Problem to solve: Please reproduce exactly, and only, the line containing "Đá quý và rau" and every line after it to the end of the records below, leaving out all pictures.

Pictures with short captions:
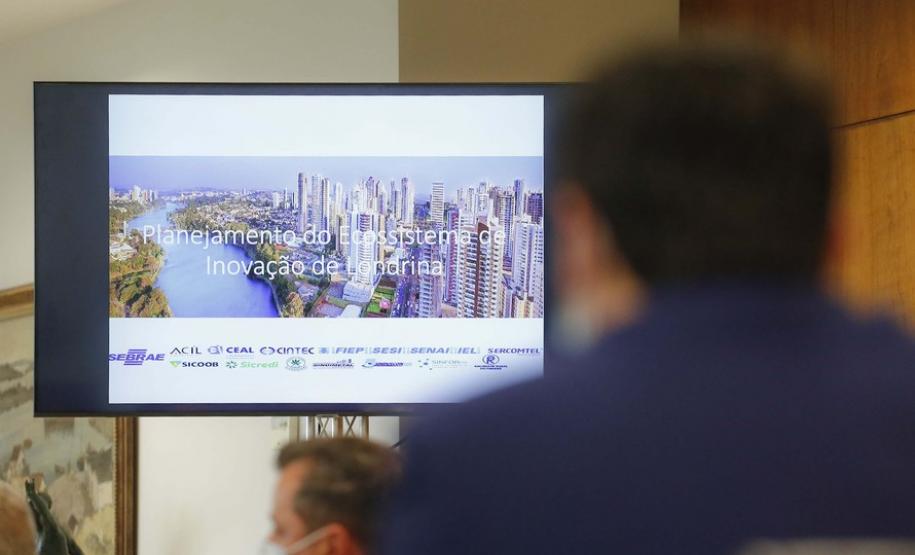 Governo estreita relação com representantes de entidades produtivas de Londrina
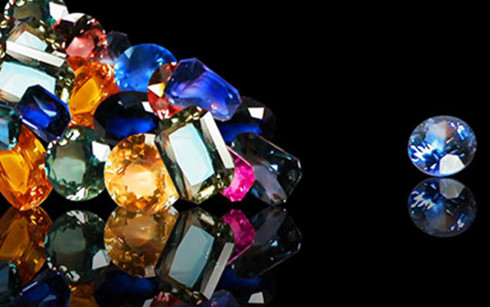 Đá quý và rau quả dẫn đầu tăng trưởng xuất khẩu 8 tháng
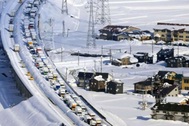 Kinh hoàng tắc đường 15km ở Nhật Bản khiến hơn 1.000 ô tô "chôn chân" trong tuyết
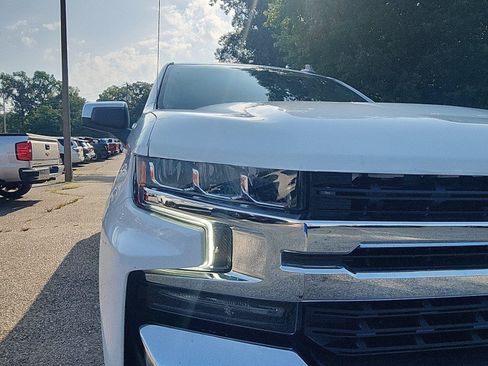Used 2021 Chevrolet Silverado 1500 LT w/ Fleet Comfort Package AWD/4WD image 9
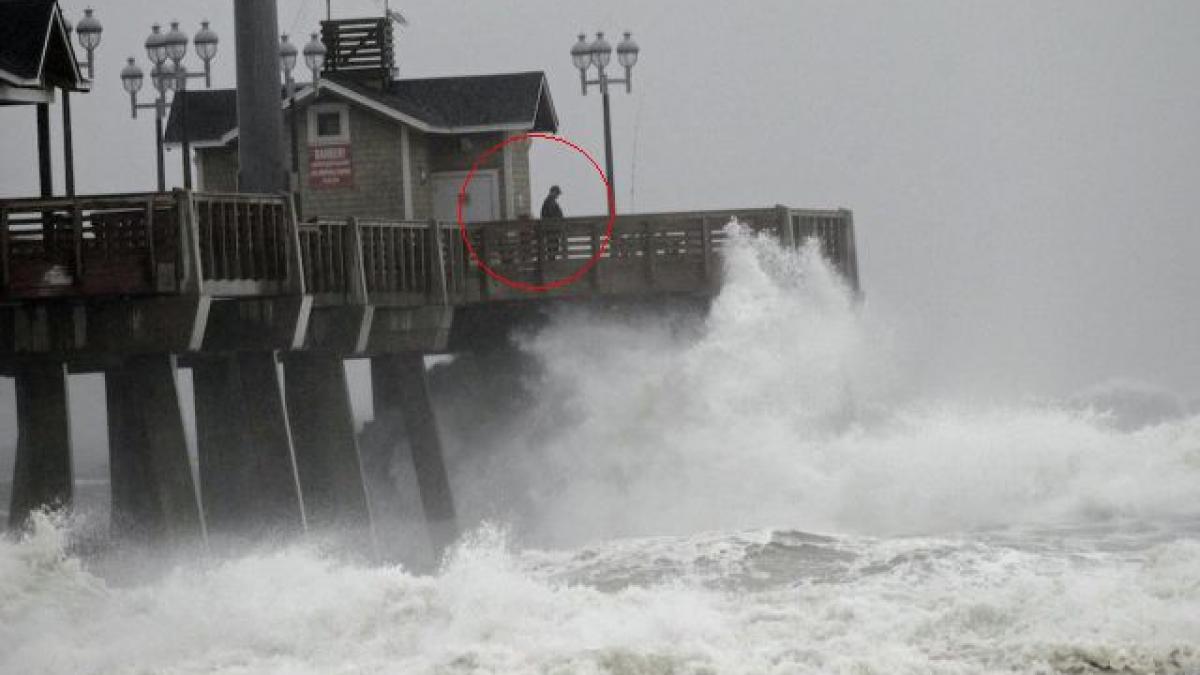 Uraganul Sandy le-a luat minţile. FOTOGRAFII cu americani care şi-au riscat viaţa pentru o clipă de distracţie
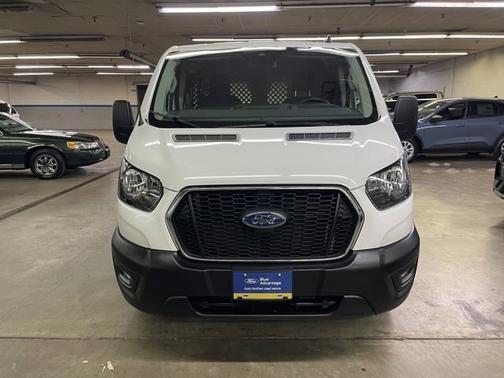 OXFORD WHITE 2023 Ford Transit-250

Solution for this task:
 Đá quý và rau quả dẫn đầu tăng trưởng xuất khẩu 8 tháng
 Kinh hoàng tắc đường 15km ở Nhật Bản khiến hơn 1.000 ô tô "chôn chân" trong tuyết
Used 2021 Chevrolet Silverado 1500 LT w/ Fleet Comfort Package AWD/4WD image 9
 Uraganul Sandy le-a luat minţile. FOTOGRAFII cu americani care şi-au riscat viaţa pentru o clipă de distracţie
 OXFORD WHITE 2023 Ford Transit-250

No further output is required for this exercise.